Dearest Blog: Yesterday it was off to the pictures for a pair of shoot-em-up flicks, American Ultra and Hitman: Agent 47.
Spoiler level here will be mild, nothing you wouldn't know from the trailers.
This
week's first kudos go not to either movie, but to the schedule maker(s)
at Marquee Cinemas, who receive a full nine Weasleys for two 90-minute
films with 30 minutes in between. Perfection!
First up on that ideal schedule: American Ultra.
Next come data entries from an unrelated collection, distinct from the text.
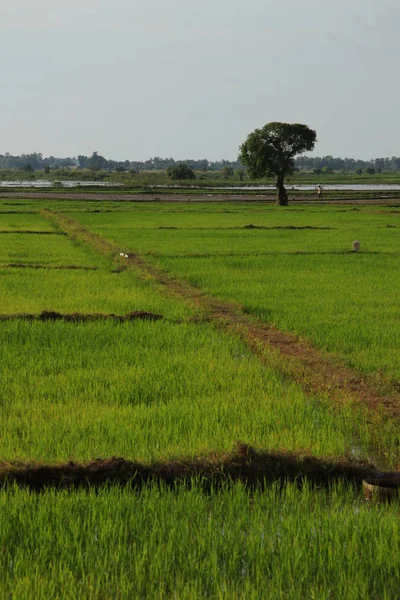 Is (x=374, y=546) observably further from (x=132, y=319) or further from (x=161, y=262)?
(x=161, y=262)

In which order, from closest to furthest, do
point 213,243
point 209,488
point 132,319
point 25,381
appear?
1. point 209,488
2. point 25,381
3. point 132,319
4. point 213,243

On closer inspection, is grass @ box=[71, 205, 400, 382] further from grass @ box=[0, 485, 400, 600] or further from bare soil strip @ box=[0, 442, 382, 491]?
grass @ box=[0, 485, 400, 600]

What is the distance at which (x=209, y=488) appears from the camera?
439 centimetres

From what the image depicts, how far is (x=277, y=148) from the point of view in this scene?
40344mm

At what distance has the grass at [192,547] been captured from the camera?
3.14m

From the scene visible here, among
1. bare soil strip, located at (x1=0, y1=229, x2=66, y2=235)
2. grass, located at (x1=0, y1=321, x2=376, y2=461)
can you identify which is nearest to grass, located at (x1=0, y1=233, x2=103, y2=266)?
bare soil strip, located at (x1=0, y1=229, x2=66, y2=235)

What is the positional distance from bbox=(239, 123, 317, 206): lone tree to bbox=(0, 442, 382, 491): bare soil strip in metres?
35.8

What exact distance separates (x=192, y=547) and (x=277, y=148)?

All is not as it seems with a pair of stoners in a (made-up) little West Virginia town.
American
Ultra is one of those movies that has the potential to be accidentally
awesome. It doesn't look like anything special, but all the pieces are
there so it *could* be, you know? It isn't quite awesome, but it's still
pretty solid.
Jesse Eisenberg and Kristen Stewart share
an awkward chemistry that serves them well as a couple pretty awkward
people. Eisenberg moves effortlessly from mellow to panicked to deadpan
to badass, always believable and sympathetic.
Stewart is often accused
of being expressionless, but she's solid here as well. The supporting
cast is uniformly decent, for as much as they need to be (what a waste
of Bill Pullman!), but basically, if you don't like Eisenberg and/or
Stewart, that's going to be an almost insurmountable hurdle with this
movie. American Ultra has plenty of twists and turns, with fast, brutal,
bloody action, and a dry wit that holds it all together.
American
Ultra clocks in at 95 minutes and is rated R for "strong bloody
violence, language throughout, drug use, and some sexual content."
American
Ultra is missing that *something* that would have made it exceptional,
but I still found it smart, exciting, and entertaining.
Of a possible
nine Weasleys, American Ultra gets six and a half.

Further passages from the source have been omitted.